同調査によると、家を探したことがあると回答した外国人のうち43%が外国人であることを理由に断られていることが分かり、外国人の住居探しへの課題が示されました。
※アンケート実施期間:2020年03月09日~2020年04月09日、回答者:84ヵ国695名のYOLO JAPAN会員
「自分で家を探したことがある」と回答したのは75%(520人)で、半数以上がインターネット(60%、313人)や不動産会社(46%、241人)を利用するなど自力で探しており、学校や会社を介しての住宅確保のサポートが少ない現状が浮き彫りになりました。特に多く利用されている物件情報サイトは、外国人向けに賃貸情報を公開しているスーモ、HOME’S、URが挙げられました。
自分で物件を探す必要のある外国人が多いことに対し、住居を探したことある回答者の内43%(225人)が外国籍であるという理由で入居を断られた経験があると回答し、次のような声が聞かれました。
「内見の際に気に行った物件がいくつかあったのですが、外国人だからという理由で貸せないと大家に断られました。」(インド、20代、女性)
「いくつか物件を内見して回ったのに、家に帰ったら電話がきて外国人にはサービスを提供しないと言われました」(アルジェリア、20代、男性)
「外国人の入居を受け入れており、綺麗で安い家賃の物件を見つけたので大家さんに電話しました。しかし話を聞いてみると、『日本に親がいなければ無理です』と言われました。日本に住んでいる外国人はほとんど一人暮らしだし、日本に家族がいるなら賃貸マンションなんて探さないのに。
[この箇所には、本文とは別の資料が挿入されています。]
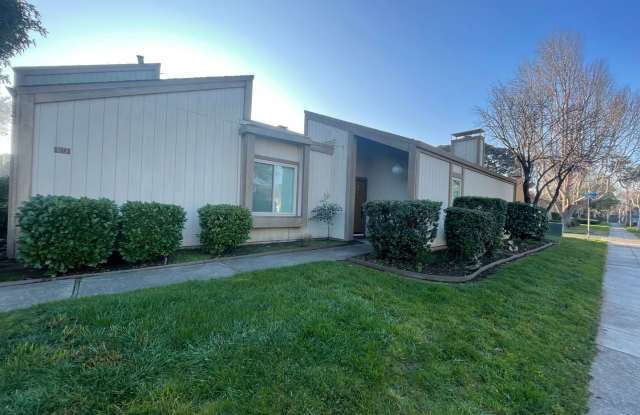SPACIOUS 2BD/2BA CONDO IN ALAMDEA (BAYFARM ISLAND)!!! Available 02/01/2026 - 3173 Phoenix Lane, Alameda, CA 94502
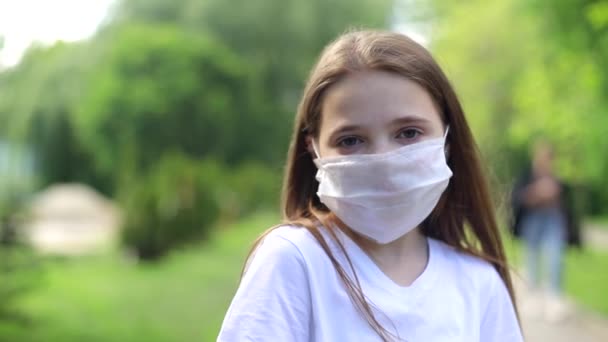 A koronavírus-világjárvány (COVID-19) vége, egy boldog gyermek — Stock videók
」(韓国、20代、女性)
更に、自分で物件を探した外国人の80%(366人)は物件探しが大変だったと回答しており、自国にはない敷金・礼金や鍵交換代などによる入居時の費用の高さ(47%、243人)や、難しい日本語で書かれた契約書で交わされる手続きの複雑さ(44%、231人)、日本語が話せない外国人にとっての言語面の不便さ(37%、194人)が挙げられました。このことから、日本特異の入居時に係る費用や手続きの説明の重要性が浮き彫りになりました。
また、借りる際に重要視するポイントとして、家賃が高くないことや駅から近いこと、家の周辺環境が整っていることのほかに、四人に一人が「外国人という理由で断られない」(25%)ことを挙げました。
政府より外国人の入居を受け入れる賃貸人や仲介事業者向けのガイドラインやガイドブックが多言語で作成・公表されていますが、説明が行き届いていないために外国人入居を拒否する賃貸人や多言語化されていない契約書に困難を感じる外国人が多い現状より、浸透にはまだ時間がかかりそうです。
YOLO JAPANでは昨年・今年に行った在留外国人の賃貸に関するアンケート調査結果を受け、日本で物件を探す外国人のために外国人向け多言語不動産情報サイト「YOLO HOME」を2020年8月12日に提供開始することとなりました。日本に住む外国人のより豊かな生活をサポートすることで、日本社会の労働力問題を解決し持続的な社会に貢献するためYOLO JAPANは引き続き尽力します。